Anders Breivik, an anti-Muslim neo-Nazi, killed 77 people in Norway’s worst peacetime atrocity in July 2011. A Norwegian court ruled on Tuesday that far-right attacker Anders Behring Breivik, who killed 77 people in 2011, must remain in prison, saying there remains “an obvious risk” he could return to behavior that led up to the massacre. Breivik, an anti-Muslim neo-Nazi, killed 77 people in Norway’s worst peacetime atrocity in July 2011. (…) “The risk of violence is real and significant and equal to what it was when (Breivik) was first sentenced,” the district court said in a unanimous verdict. “His stated assurances and word of honour have little value even if he were to mean what he says at the time he says it,” the judges wrote. Based on the court’s findings, Breivik is unlikely at this time to be able to adjust to life outside of prison, and the risk of recidivism is significant, the judges wrote. (…) A psychiatrist who has observed him since 2012 testified that Breivik cannot be trusted while a prison official told the hearing that “there is an imminent danger” that, if released, Breivik would again commit serious crimes. Breivik’s lawyer Oystein Storrvik said his client should be released to prove that he is reformed and no longer a threat to society, and that is not possible to prove while he is in total isolation. Storrvik called it “a paradox that a person is treated so badly in prison that he never gets better. He never gets out.”

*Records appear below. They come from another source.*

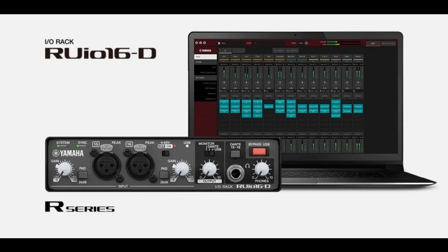It also includes a bypass USB utility function, which bypasses the VST3 plugins without interrupting the sound, automatically adjusting the output volume to a pre-configured SPL to ensure the performance continues seamlessly.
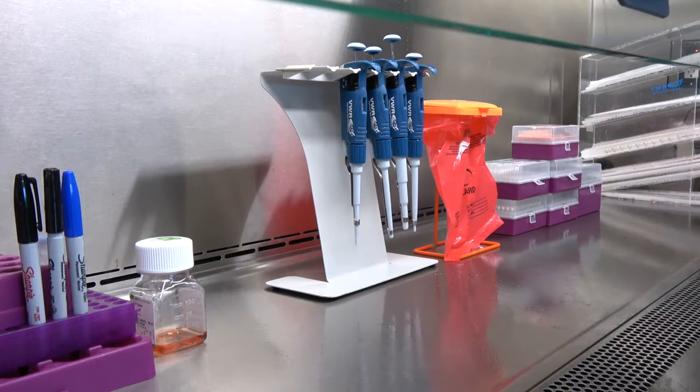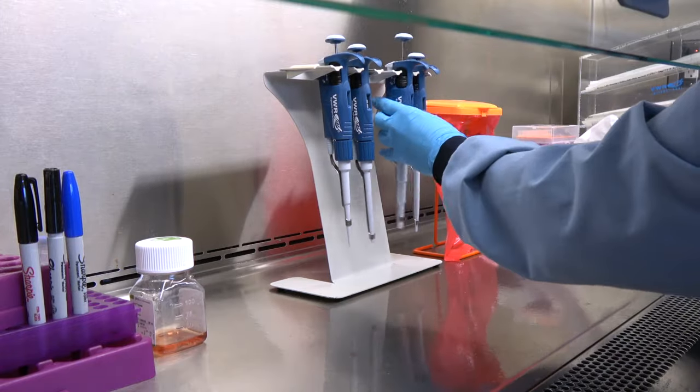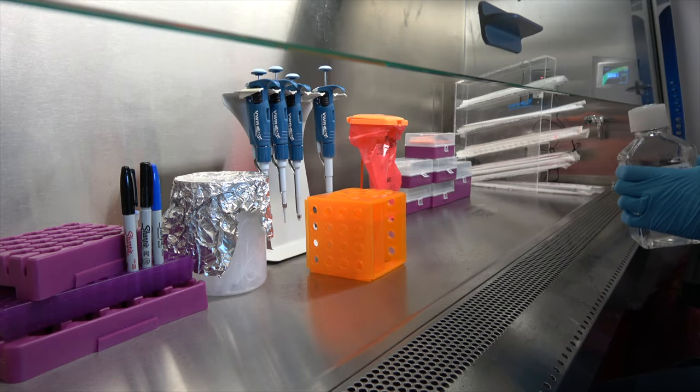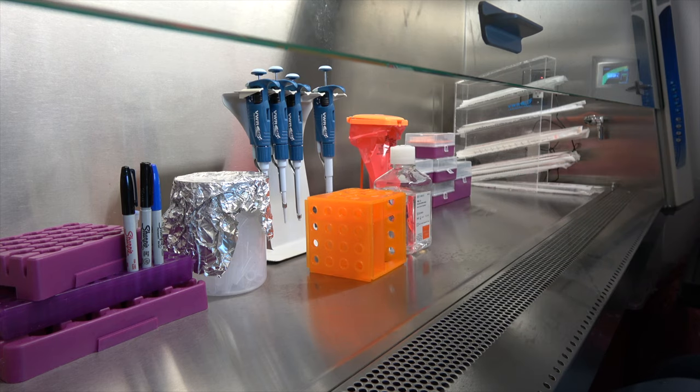Once the unit has warmed up, wipe all pipettes and surfaces with 70% alcohol and allow it to evaporate. When working in a biosafety cabinet, you should minimize the number of times you enter or leave the unit, as rapid motions will disrupt the airflow. Thoroughly decontaminate all reagent bottles and bags of plasticware with alcohol before transferring to the biosafety cabinet.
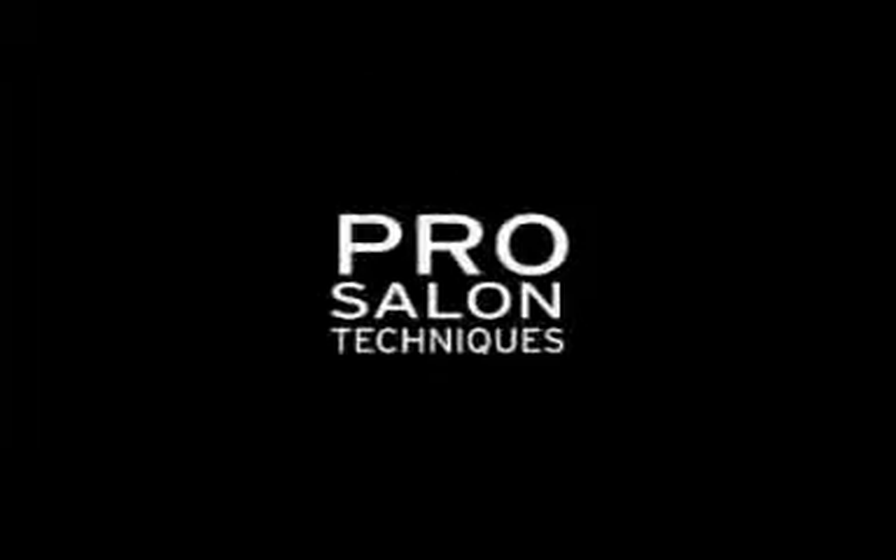Prep. Style. Finish. Product plus technique gets results. The VEDA.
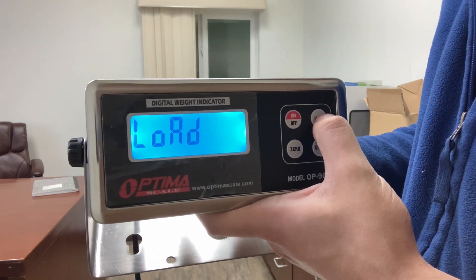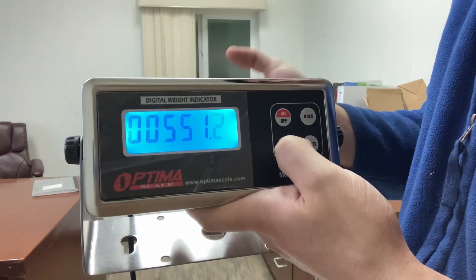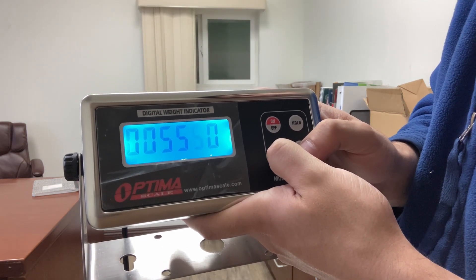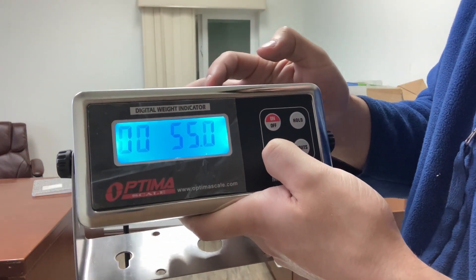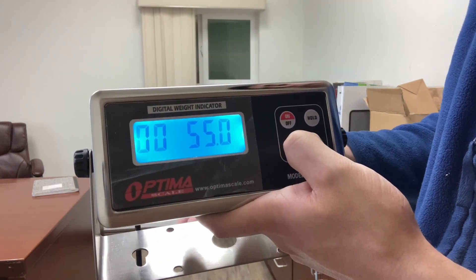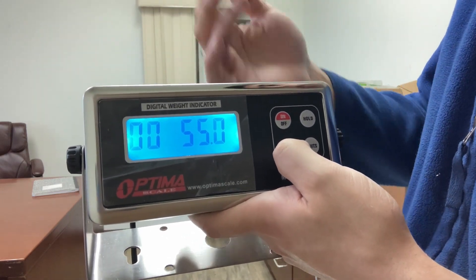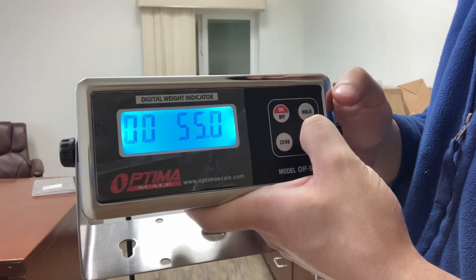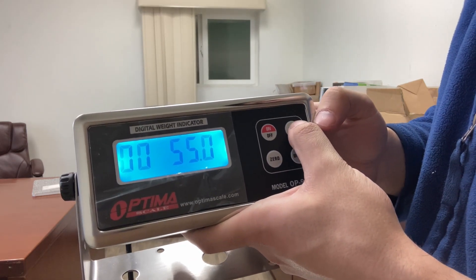Now you'll see load — this is where you enter the weight you're going to use to calibrate. Right now this is 551.2 pounds. I will use my body weight of 155 pounds, so I'll set it to 155.0 pounds. Make sure everything is clear on the scale. It's just telling the indicator I'm going to be placing 155 pounds. If you're going to put 100 pounds, move left and make it 100.0. Put whatever weight you're going to be using for calibration — in my case it's my own body weight. Now press the units button, then press the hold button.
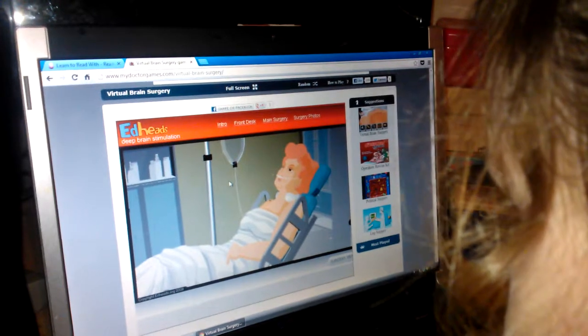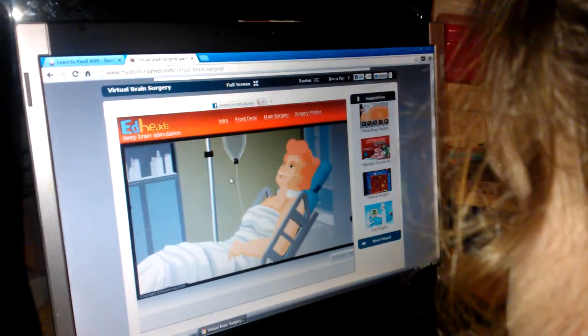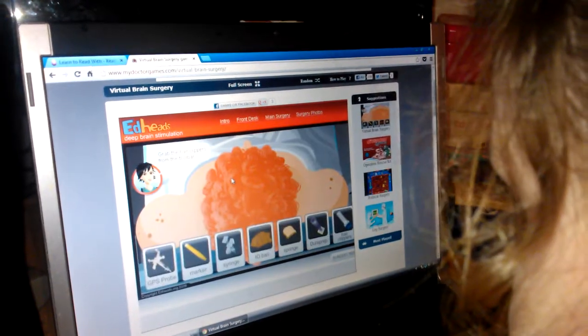A general anesthetic takes several hours to wear off, so we don't want to use that. We'll start by shaving her hair.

via al jazeera: Norway court rejects mass killer Breivik’s parole request
siehe auch: Anders Breivik, the neo-Nazi responsible for the Otoya massacre still in prison: ‘He can repeat terrorist attacks’. Anders Behring Brevik stay in prison. The person responsible for the deadliest massacre in the world Norway Since World War II he has asked Conditional Freedom After ten in prison: presented himself before the judges with outstretched arm In the Nazi salute there is no sign of remorse for killed 77 people Between Oslo and the island of Utoya, where dozens of young Labor Party youth gathered. The Telemark Court, located in the southeast of the Scandinavian country, explained that “there is a clear risk that repeat Behaviors that led to the July 22, 2011 terrorist attacks.” A decision in line with the public prosecutor’s request and is highly awaited in light of the experience of the psychiatrist who for years has been monitoring him in detention, Randy Rosenqvist. “I believe Breivik’s diagnosis remains the same. The risk of future acts of violence is unchanged compared to 2012 and 2013, when I wrote my first assessment”, in which the far-right terrorist suffers from ‘social, aesthetic and narcissistic’ personality disorders, the expert said.